## Sentence Transformation and Embeddings

### Initialization

#### Acknowledgements

- https://huggingface.co/sentence-transformers/paraphrase-multilingual-mpnet-base-v2
- https://www.kaggle.com/datasets/mauricerupp/englishspeaking-politicians (v6 Dataset)

#### Packages

In [1]:
import sentence_transformers as pkg_sentence_transformers
import scipy.spatial.distance as pkg_distance
import pandas as pkg_pandas
import sklearn.model_selection as pkg_model_selection

#### Common

In [2]:
model_path = 'sentence-transformers/paraphrase-multilingual-mpnet-base-v2'
model = pkg_sentence_transformers.SentenceTransformer(model_path)

### Sample: Find Cosine Similiarity

In [3]:
# Reference Sentence
ref_sentence = "That is a happy person"

# Sentences we want compare with
cmp_sentences = [
    "Sunny days make people happy",
    "Rainy days make people happy"
    "Relationships enhance happiness",
    "There is no happy person in the world. Happiness is misnomer",
    "Mind free from tensions make a person happy",
    "People on vacation at beach side over bright and sunny days",
    "People kind at heart and wearing smile always",
    "People having fun, laughing out loud, elevating the mood"
]

ref_embeddings = model.encode(sentences=[ref_sentence])
print("Embedding/Vector Shape = {}".format(ref_embeddings[0].shape))

cmp_embeddings = model.encode(cmp_sentences)

print ("Reference Sentence: {}".format(ref_sentence))
for i in range(len(cmp_embeddings)):
    similiarity = 1 - pkg_distance.cosine(ref_embeddings[0], cmp_embeddings[i])
    print("Cosine Similiarity: {} for sentence = {}".format(similiarity, cmp_sentences[i]))
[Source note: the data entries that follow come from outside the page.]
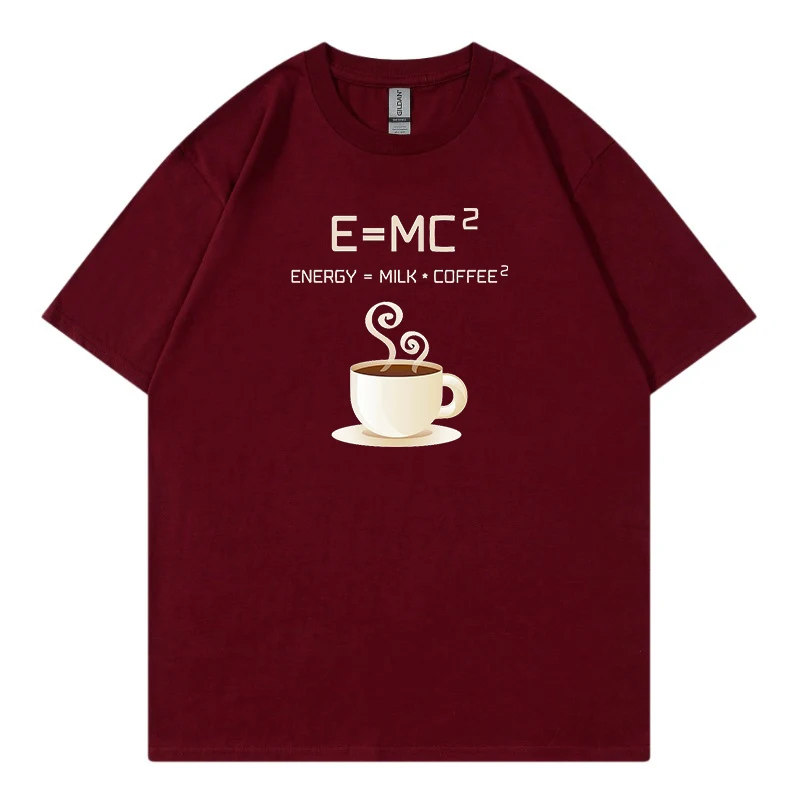 

Футболки с принтом Energy = Молоко + кофе, мужские повседневные дышащие футболки, веселые хлопковые свободные футболки, женская уличная одежда, футболки для
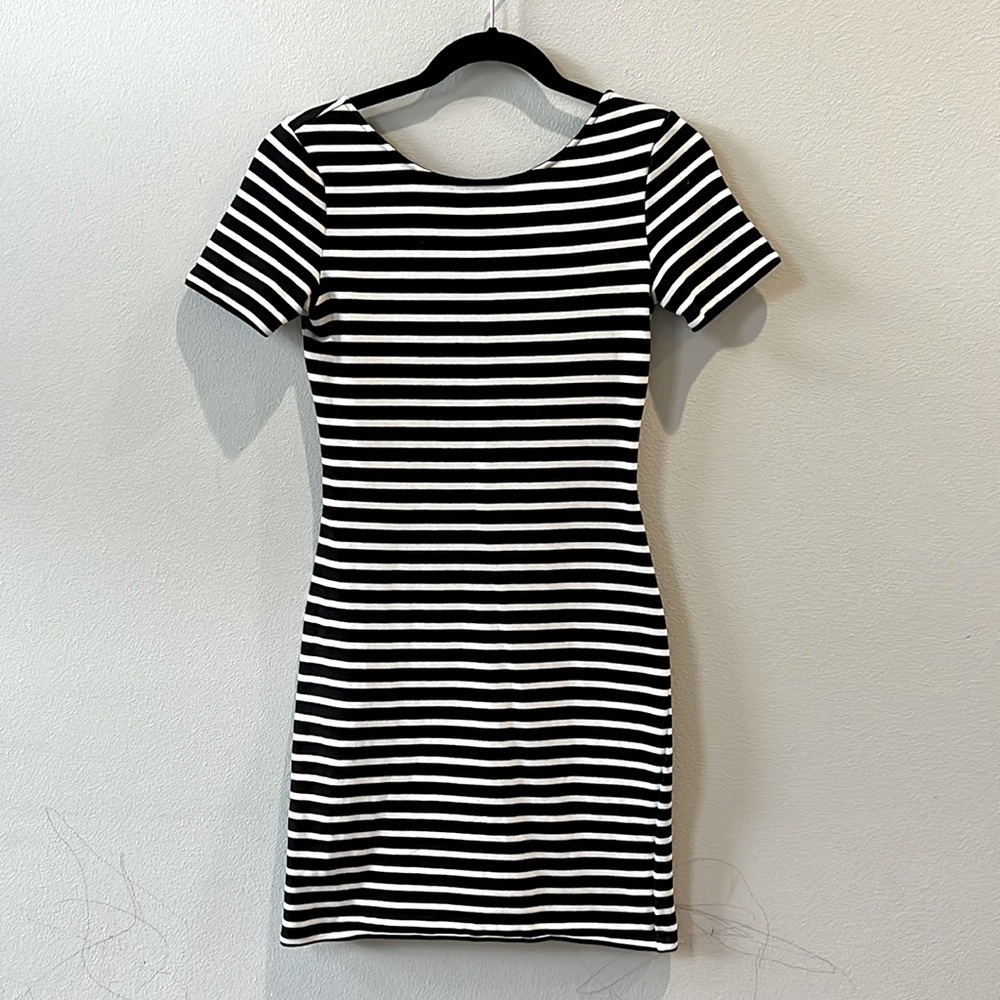Sanctuary Black & White Striped Bodycon Mini Dress Sz XS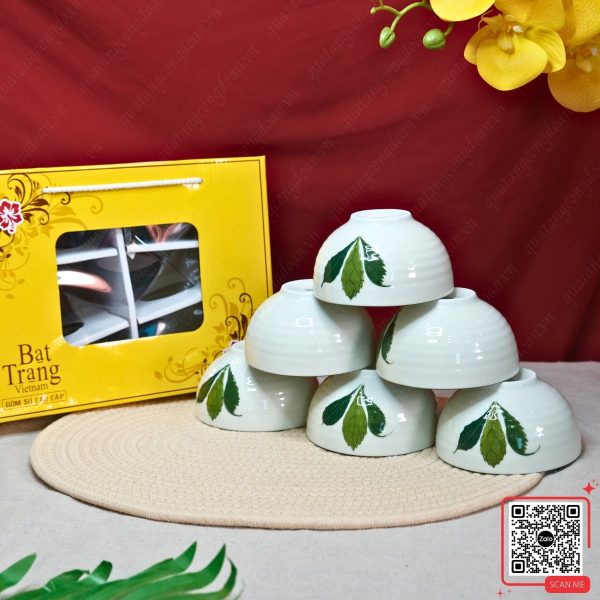 Bộ 6 Bát Men Kem Họa Tiết Lá Xương Rồng 5 Bộ 6 bát cơm men kem Bát Tràng họa tiết lá xương rồng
Embedding/Vector Shape = (768,)
Reference Sentence: That is a happy person
Cosine Similiarity: 0.6686985492706299 for sentence = Sunny days make people happy
Cosine Similiarity: 0.5185865163803101 for sentence = Rainy days make people happyRelationships enhance happiness
Cosine Similiarity: 0.48634278774261475 for sentence = There is no happy person in the world. Happiness is misnomer
Cosine Similiarity: 0.5353088974952698 for sentence = Mind free from tensions make a person happy
Cosine Similiarity: 0.23558664321899414 for sentence = People on vacation at beach side over bright and sunny days
Cosine Similiarity: 0.5658841729164124 for sentence = People kind at heart and wearing smile always
Cosine Similiarity: 0.553466796875 for sentence = People having fun, laughing out loud, elevating the mood


### Play: Find Similar Sentences

#### Load Data

In [4]:
baseline_df = pkg_pandas.read_csv("../data/kaggle/datasets/english-speaking-politicians-v6_0.csv.gz", compression='gzip', on_bad_lines='skip')
baseline_inputs = baseline_df
baseline_inputs.head()

Unnamed: 0,Author,Country,Date,Speech,Title,URL
0,Justin Trudeau,Canada,2020-10-20,"Good morning, everyone.\nI’m happy to be here ...",Prime Minister’s remarks on Small Business Wee...,https://pm.gc.ca/en/news/speeches/2020/10/20/p...
1,Justin Trudeau,Canada,2020-10-16,Hello. Good morning everyone.\nI’m pleased to ...,Prime Minister’s remarks on the measures taken...,https://pm.gc.ca/en/news/speeches/2020/10/16/p...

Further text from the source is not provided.